President Donald Trump on Tuesday vetoed a resolution from Congress directing him to end U.S. support for the Saudi-led war in Yemen, the second such move of his presidency.
The resolution was a harsh bipartisan rebuke to Mr. Trump that took the historic step of curtailing a President’s war-making powers — a step he condemned in a statement announcing his veto. “This resolution is an unnecessary, dangerous attempt to weaken my constitutional authorities, endangering the lives of American citizens and brave service members, both today and in the future,” Mr. Trump said.
The veto was the second of his presidency, after he overrode a congressional resolution that aimed to reverse the border emergency he declared in order to secure more funding for his wall between the United States and Mexico in March.
Vetoing the measure is an “effective green light for the war strategy that has created the world’s worst humanitarian crisis to continue,” said International Rescue Committee president and CEO David Miliband.

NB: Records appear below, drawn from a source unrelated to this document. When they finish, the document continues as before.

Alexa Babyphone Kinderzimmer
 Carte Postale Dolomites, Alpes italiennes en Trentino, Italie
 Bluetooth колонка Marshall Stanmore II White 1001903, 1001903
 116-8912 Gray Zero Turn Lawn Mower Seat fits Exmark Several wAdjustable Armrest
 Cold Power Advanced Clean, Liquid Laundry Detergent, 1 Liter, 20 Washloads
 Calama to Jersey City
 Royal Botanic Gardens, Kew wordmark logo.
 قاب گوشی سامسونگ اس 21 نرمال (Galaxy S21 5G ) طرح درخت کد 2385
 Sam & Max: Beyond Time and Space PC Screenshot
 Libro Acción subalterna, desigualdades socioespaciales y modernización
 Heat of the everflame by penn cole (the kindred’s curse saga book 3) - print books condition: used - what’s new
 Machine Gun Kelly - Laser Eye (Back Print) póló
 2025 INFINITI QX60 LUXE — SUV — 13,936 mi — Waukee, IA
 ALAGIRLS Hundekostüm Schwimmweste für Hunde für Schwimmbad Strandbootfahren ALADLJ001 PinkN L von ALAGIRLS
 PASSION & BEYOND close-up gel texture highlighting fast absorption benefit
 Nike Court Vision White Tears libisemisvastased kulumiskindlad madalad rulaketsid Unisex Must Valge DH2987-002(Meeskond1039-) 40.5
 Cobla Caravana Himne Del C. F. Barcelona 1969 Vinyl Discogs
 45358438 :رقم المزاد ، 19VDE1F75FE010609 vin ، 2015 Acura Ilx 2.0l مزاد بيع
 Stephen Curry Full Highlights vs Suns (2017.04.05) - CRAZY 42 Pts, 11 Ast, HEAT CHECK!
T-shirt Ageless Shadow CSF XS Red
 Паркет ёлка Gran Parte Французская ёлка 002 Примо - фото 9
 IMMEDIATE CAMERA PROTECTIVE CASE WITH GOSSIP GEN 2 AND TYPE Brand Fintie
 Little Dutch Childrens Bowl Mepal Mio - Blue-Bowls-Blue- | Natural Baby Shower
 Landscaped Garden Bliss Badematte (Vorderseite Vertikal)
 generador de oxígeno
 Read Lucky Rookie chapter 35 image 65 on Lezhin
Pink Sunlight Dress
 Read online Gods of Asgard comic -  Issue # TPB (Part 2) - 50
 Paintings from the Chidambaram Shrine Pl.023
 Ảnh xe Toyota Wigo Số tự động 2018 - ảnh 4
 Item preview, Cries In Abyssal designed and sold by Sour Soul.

“Yemen is at a breaking point with 10 million people on the brink of famine. There are as many as 100 civilian casualties per week, and Yemenis are more likely to be killed at home than in any other structure.”
Mr. Trump argued that U.S. support for the bloody war between the Saudi-backed Yemeni government and Iran-aligned Houthi rebels was necessary for a variety of reasons, “first and foremost” to “protect the safety of the more than 80,000 Americans who reside in certain coalition countries.”
These countries “have been subject to Houthi attacks from Yemen,” he said.